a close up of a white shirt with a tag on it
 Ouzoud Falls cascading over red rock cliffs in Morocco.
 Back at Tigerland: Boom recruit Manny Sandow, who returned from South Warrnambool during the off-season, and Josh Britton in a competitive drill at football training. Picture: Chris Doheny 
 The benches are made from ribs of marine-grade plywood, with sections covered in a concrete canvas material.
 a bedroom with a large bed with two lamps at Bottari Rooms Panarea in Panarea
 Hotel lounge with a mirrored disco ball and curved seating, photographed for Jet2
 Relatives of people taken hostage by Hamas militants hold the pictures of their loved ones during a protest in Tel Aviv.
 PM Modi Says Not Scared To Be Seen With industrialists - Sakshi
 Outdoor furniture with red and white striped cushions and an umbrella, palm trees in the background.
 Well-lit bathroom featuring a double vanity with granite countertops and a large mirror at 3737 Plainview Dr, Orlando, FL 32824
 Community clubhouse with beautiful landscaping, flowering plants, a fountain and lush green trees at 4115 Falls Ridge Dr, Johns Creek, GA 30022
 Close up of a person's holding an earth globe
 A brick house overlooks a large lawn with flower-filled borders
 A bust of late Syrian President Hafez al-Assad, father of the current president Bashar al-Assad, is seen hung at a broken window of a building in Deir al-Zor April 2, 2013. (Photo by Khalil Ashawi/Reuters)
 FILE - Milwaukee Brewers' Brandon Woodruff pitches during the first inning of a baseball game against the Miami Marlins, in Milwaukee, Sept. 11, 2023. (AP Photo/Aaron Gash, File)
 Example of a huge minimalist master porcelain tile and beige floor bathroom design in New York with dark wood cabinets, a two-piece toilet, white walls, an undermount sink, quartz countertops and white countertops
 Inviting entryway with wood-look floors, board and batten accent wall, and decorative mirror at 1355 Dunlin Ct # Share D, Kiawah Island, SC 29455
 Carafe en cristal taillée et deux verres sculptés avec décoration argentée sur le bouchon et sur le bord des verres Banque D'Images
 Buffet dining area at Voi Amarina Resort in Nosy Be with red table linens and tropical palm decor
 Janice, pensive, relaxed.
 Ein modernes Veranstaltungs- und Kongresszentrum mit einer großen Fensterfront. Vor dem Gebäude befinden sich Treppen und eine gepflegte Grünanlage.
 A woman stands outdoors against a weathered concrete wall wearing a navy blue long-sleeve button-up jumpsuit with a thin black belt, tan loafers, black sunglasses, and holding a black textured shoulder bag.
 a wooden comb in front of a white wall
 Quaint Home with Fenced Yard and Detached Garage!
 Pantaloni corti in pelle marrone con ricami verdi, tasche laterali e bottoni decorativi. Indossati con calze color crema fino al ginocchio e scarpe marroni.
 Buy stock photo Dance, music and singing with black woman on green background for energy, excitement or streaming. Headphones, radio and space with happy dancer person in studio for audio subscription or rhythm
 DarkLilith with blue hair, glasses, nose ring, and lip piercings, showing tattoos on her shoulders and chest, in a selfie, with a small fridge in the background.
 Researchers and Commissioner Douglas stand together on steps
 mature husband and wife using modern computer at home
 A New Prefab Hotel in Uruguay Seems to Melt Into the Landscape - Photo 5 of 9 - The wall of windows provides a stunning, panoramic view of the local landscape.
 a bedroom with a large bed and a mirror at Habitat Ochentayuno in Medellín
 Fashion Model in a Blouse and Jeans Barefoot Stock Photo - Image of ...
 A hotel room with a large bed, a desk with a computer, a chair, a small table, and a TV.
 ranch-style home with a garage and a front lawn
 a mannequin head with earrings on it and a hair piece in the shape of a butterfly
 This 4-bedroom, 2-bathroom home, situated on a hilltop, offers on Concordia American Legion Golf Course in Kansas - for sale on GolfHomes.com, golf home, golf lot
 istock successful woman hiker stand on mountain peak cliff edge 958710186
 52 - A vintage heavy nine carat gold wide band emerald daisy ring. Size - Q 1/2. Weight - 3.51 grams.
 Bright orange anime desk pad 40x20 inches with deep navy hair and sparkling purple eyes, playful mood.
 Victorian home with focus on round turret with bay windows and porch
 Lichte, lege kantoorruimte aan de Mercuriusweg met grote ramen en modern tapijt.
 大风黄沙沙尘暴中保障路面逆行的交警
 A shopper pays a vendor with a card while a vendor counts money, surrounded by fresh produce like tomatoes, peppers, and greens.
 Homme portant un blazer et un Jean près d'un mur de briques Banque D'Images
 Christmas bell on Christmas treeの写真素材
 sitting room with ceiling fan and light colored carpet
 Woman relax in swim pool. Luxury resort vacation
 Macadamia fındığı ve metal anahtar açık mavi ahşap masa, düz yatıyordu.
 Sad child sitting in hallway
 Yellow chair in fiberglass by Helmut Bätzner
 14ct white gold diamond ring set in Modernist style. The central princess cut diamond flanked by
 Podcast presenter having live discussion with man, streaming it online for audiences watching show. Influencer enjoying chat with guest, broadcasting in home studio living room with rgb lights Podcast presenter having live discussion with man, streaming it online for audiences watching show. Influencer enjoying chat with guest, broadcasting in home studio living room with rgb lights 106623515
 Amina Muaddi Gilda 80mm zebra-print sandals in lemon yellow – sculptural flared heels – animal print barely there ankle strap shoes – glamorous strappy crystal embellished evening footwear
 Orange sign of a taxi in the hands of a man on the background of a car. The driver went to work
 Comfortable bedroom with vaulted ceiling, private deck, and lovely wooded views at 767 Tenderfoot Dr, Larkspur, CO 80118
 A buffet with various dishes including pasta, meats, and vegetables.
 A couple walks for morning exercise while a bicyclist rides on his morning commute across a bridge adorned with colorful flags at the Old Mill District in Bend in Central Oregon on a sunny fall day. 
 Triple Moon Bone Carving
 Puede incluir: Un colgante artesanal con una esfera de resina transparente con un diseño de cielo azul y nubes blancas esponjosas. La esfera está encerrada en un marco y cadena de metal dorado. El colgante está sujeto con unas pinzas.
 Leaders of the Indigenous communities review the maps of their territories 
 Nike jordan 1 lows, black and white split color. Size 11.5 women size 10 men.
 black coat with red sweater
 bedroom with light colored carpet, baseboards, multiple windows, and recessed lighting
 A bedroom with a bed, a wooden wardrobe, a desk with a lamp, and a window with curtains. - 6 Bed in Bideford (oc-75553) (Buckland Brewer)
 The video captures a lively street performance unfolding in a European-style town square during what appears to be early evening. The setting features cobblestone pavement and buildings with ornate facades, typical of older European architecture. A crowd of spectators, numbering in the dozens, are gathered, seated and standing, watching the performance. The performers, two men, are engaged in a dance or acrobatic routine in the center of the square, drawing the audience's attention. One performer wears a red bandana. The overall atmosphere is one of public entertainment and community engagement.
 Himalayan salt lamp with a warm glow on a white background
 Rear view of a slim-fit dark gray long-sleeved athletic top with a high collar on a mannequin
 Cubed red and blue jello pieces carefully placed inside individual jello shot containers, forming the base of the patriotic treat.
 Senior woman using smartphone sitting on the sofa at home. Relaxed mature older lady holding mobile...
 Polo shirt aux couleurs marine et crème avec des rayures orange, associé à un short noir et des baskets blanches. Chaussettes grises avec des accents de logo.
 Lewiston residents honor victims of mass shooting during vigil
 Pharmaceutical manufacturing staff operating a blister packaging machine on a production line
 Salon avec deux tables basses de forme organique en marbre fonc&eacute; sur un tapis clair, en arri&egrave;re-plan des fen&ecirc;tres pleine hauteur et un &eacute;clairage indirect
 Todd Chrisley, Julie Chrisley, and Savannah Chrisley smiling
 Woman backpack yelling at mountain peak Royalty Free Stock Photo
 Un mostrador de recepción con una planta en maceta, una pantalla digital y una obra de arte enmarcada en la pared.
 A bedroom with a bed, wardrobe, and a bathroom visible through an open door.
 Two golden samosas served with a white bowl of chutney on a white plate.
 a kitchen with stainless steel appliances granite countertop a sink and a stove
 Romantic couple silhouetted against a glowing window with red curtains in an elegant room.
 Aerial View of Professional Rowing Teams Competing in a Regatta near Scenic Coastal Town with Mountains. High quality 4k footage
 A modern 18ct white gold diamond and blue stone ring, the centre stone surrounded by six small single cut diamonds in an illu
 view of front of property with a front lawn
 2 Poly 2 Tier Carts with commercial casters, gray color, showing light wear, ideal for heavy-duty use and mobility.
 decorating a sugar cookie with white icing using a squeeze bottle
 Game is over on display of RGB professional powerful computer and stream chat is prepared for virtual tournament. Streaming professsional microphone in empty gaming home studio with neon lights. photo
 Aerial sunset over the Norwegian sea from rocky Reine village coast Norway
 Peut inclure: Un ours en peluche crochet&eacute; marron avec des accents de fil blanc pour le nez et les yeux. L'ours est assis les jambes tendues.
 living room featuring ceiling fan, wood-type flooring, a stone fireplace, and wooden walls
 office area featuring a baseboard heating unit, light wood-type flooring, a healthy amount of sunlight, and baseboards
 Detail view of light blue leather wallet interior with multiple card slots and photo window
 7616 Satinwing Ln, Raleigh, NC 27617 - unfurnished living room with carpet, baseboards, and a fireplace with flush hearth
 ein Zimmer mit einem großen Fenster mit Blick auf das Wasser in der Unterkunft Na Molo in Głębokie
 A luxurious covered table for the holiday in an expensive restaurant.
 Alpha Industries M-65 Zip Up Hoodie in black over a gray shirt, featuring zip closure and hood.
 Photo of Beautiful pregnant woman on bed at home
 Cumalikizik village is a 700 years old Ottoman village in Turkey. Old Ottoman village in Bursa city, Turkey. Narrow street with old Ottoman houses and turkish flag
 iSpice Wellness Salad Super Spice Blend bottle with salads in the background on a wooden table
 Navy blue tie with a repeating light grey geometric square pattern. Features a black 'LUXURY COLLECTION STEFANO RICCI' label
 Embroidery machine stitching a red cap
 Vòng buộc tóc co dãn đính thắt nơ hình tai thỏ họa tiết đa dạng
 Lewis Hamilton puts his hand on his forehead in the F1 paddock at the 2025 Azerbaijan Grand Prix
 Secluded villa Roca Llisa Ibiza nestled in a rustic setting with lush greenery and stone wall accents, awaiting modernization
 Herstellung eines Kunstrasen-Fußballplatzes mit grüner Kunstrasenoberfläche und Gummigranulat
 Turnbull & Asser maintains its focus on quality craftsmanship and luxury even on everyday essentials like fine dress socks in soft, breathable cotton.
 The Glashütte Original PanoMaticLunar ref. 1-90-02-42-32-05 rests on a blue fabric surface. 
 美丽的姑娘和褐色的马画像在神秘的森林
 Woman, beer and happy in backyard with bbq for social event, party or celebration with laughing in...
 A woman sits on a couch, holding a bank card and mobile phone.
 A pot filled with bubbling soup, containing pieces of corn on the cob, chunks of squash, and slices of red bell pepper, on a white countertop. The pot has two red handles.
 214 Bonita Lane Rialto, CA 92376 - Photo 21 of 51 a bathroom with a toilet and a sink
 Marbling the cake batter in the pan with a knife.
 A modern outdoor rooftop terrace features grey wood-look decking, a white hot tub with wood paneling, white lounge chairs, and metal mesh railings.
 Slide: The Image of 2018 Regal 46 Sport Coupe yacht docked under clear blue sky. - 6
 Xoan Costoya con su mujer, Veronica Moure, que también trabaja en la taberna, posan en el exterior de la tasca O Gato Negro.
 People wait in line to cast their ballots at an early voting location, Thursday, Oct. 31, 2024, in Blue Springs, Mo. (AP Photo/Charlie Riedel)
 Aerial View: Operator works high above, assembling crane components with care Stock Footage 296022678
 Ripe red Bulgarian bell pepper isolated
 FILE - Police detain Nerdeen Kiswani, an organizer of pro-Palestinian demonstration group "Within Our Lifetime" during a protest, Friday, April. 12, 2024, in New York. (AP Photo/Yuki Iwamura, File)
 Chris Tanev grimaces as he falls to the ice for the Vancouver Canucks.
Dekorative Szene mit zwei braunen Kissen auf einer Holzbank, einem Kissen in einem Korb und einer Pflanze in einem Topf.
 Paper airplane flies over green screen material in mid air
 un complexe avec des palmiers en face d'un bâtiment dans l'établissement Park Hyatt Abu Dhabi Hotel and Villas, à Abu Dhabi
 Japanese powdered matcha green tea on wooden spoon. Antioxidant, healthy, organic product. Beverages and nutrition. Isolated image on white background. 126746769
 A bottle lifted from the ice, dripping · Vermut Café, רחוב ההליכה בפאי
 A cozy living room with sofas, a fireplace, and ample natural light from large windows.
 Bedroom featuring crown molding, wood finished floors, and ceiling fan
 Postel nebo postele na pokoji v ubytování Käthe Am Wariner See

○ ○ ○ ○ ○ ○ ○

● ACTION ITEM
Take the records above and return, word for word, only the lines that fall from the line with "PM Modi Says" to the line with "Close up of a person's", both of them included.

● EXERCISE OUTPUT
 PM Modi Says Not Scared To Be Seen With industrialists - Sakshi
 Outdoor furniture with red and white striped cushions and an umbrella, palm trees in the background.
 Well-lit bathroom featuring a double vanity with granite countertops and a large mirror at 3737 Plainview Dr, Orlando, FL 32824
 Community clubhouse with beautiful landscaping, flowering plants, a fountain and lush green trees at 4115 Falls Ridge Dr, Johns Creek, GA 30022
 Close up of a person's holding an earth globe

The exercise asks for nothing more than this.